• WHAT IS REQUIRED: With images excluded, write out each entry below exactly as given.
[[ GIVEN INFORMATION, beginning ]]
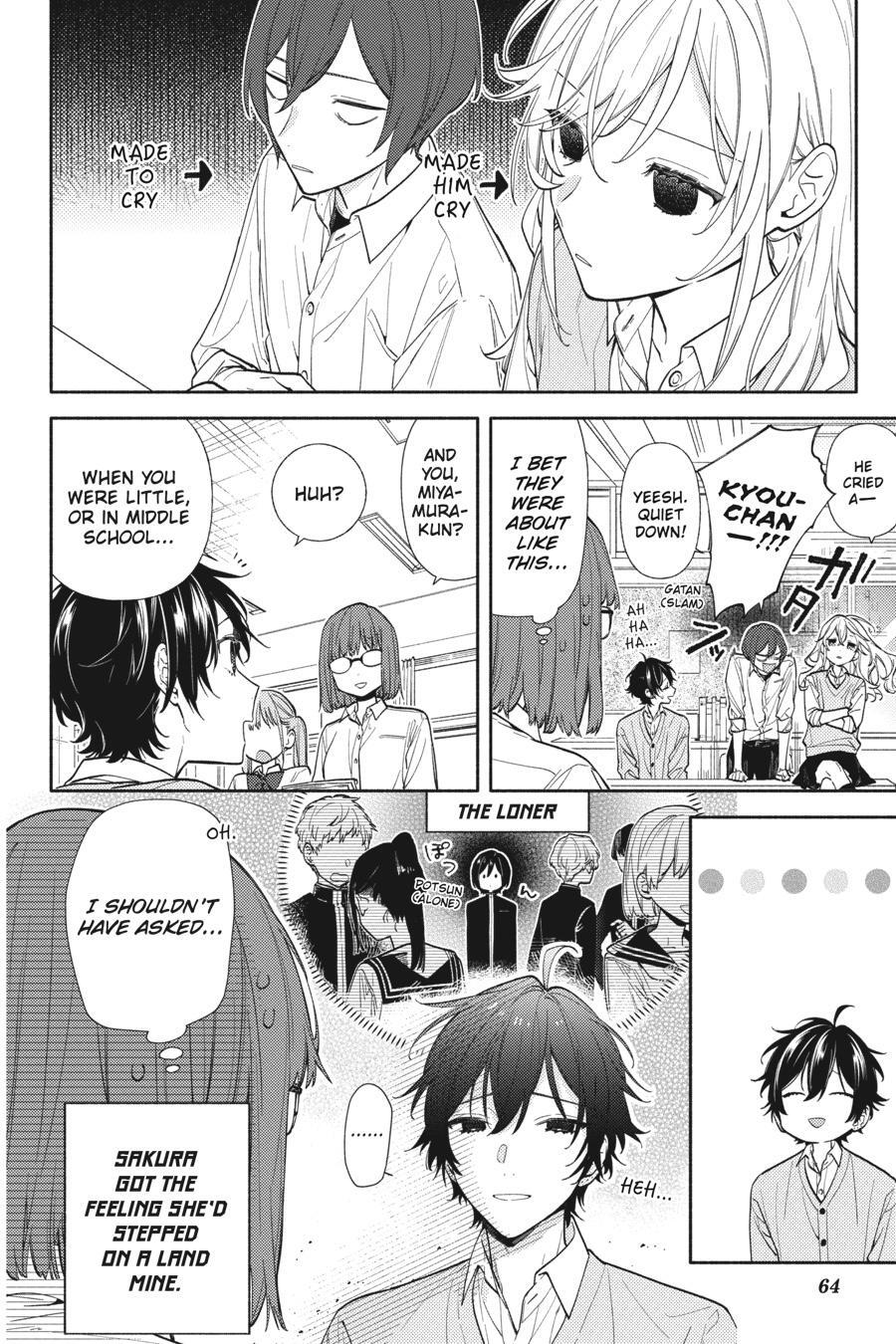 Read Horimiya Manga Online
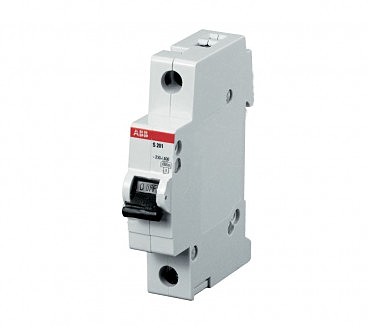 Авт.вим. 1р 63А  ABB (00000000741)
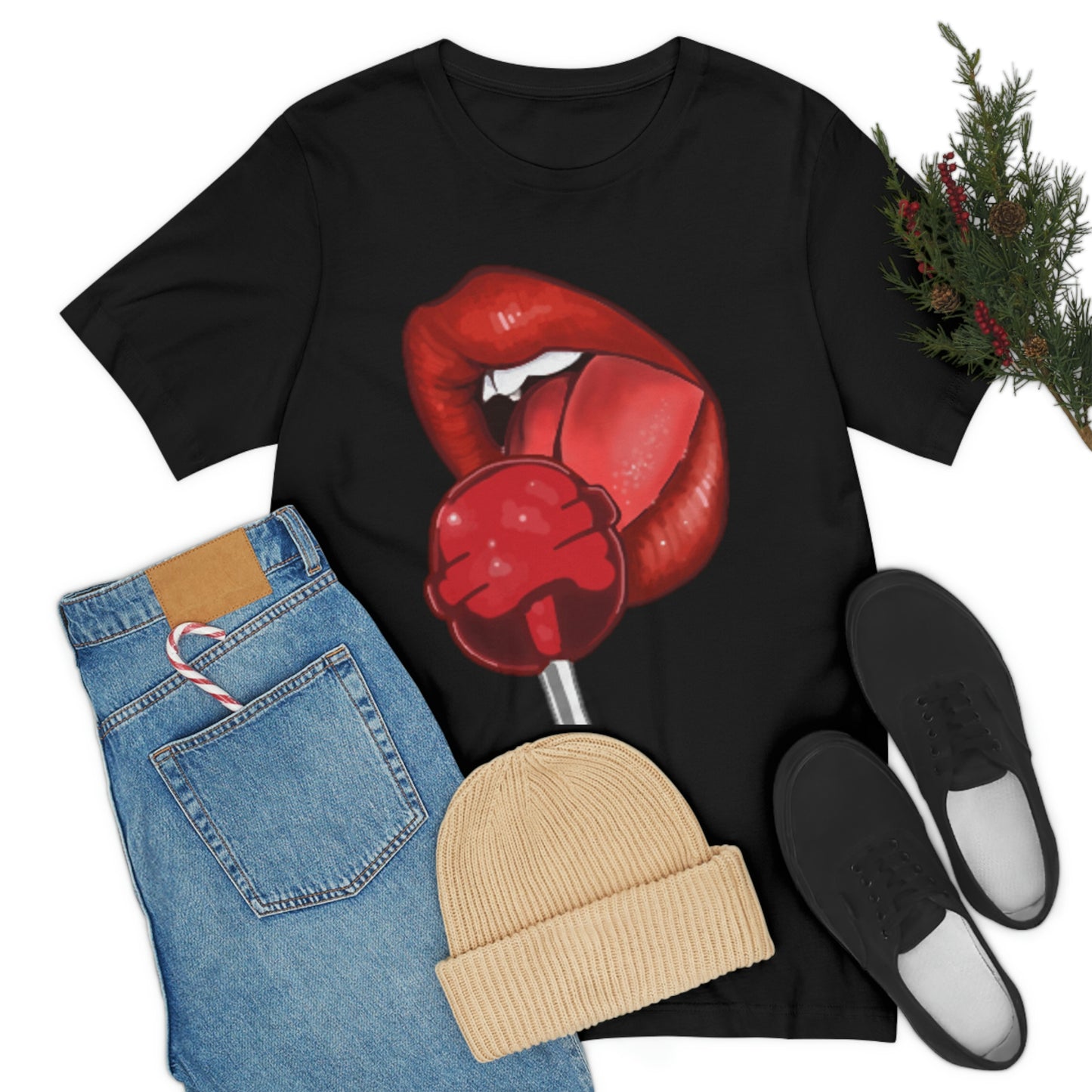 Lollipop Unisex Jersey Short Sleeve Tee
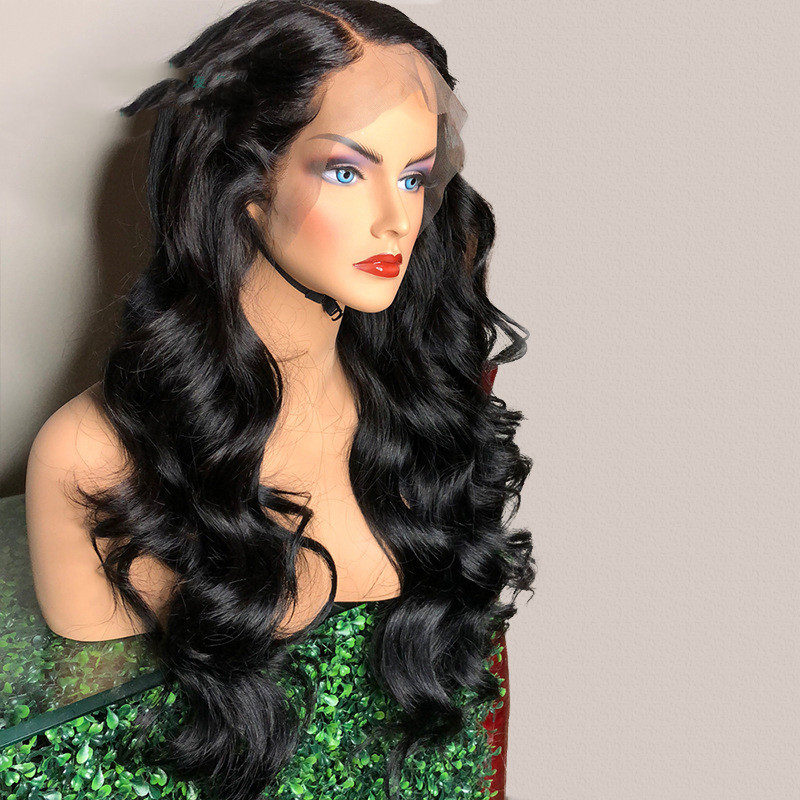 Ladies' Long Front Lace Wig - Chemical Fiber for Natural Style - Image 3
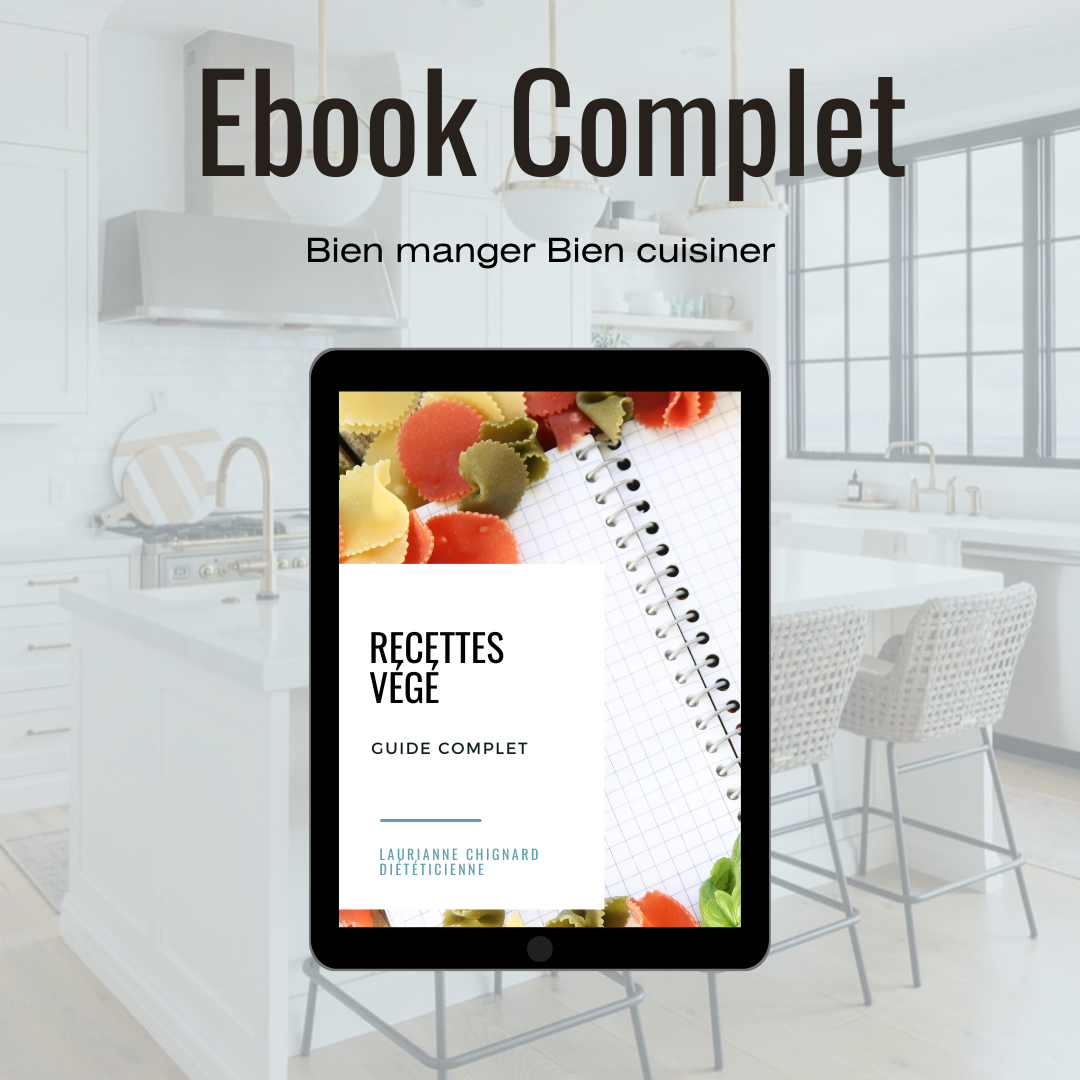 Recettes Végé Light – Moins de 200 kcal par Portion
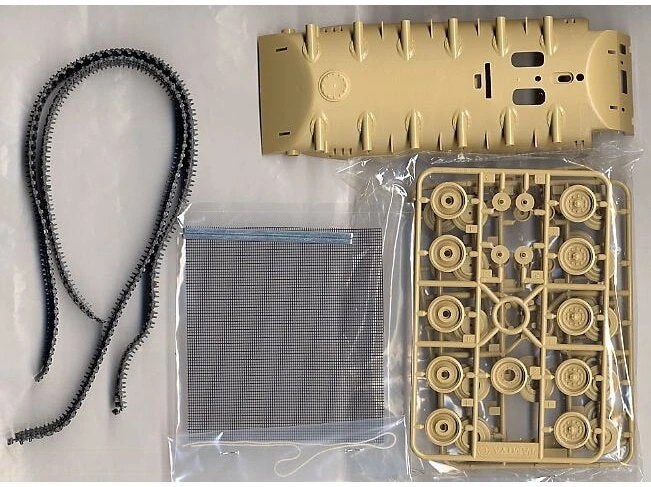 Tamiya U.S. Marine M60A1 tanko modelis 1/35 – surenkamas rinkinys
[[ GIVEN INFORMATION, end ]]
• ANSWER FOR THE TASK:
 Read Horimiya Manga Online
 Авт.вим. 1р 63А  ABB (00000000741)
 Lollipop Unisex Jersey Short Sleeve Tee
 Ladies' Long Front Lace Wig - Chemical Fiber for Natural Style - Image 3
 Recettes Végé Light – Moins de 200 kcal par Portion
 Tamiya U.S. Marine M60A1 tanko modelis 1/35 – surenkamas rinkinys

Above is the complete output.